The current study, employing a well-validated measure of burnout, offers an insight into burnout prevalence among more than a quarter of practicing general practitioners in Ireland [21]. However, in spite of these strengths, there are also limitations that should be considered when interpreting study outcomes. It is possible that our results may have been impacted by a participant self-selection bias whereby doctors who chose to participate may not be representative of the population as a whole. For example, it is possible that doctors experiencing high levels of stress or burnout were more interested in the research topic and more likely to participate than doctors experiencing low levels of stress or that doctors experiencing lower levels of stress were more likely to participate as they were under less pressure or experiencing less distress. Such possibilities are difficult to confirm or refute without larger scale investigations. However, the variance in participants’ demographic characteristics, and the large sample size, reduce this possibility. Furthermore, the reliance on participant self-report may also be considered a limitation of this study. The study outcomes may have differed where a more objective measurement system is employed. However, the MBI-HSS is the most commonly used and well-validated measure of burnout in existence and is considered the “gold standard” for measuring burnout among occupational groups [31]. It was also not possible to make any statistical comparison between the Irish sample of general practitioners and the international studies. This was because insufficient data were provided in the international studies to allow for more than a descriptive comparison to be made.

Future research

This study also suggests a number of directions for future research on this topic. While our study established the prevalence of burnout among Irish general practitioners, it did not examine causal factors of burnout in this population. Future research must, therefore, seek to investigate and determine factors that impact upon stress and burnout among general practitioners.

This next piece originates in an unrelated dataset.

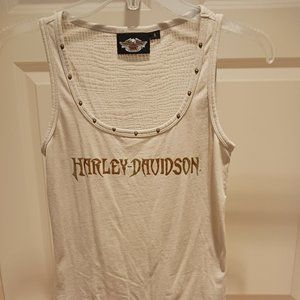 Harley-Davidson Women's Tank Top Size Small - Cream, Semi-see thru on Back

An investigation of such variables, and Ireland-specific factors such as recent cuts in state funding as a result of the Financial Emergency in the Public Interest Act, may yield data that better guide interventions for, or strategies to improve, general practitioner well-being. Given the high prevalence of burnout symptoms observed in the present study, research examining the potential impact of burnout on general practitioner work performance and the standard of patient care delivered would also be of use.

Conclusions

Physician well-being has been described as a key quality indicator for healthcare systems [30], impacting hugely on the standard of patient care delivered. It is apparent from the results of this research study that the symptoms of burnout are prevalent among Irish general practitioners and may be negatively impacting on the quality of care that their patients receive. It is, therefore, imperative that causal factors be investigated and that interventions to improve well-being among Irish general practitioners be deployed on a national level.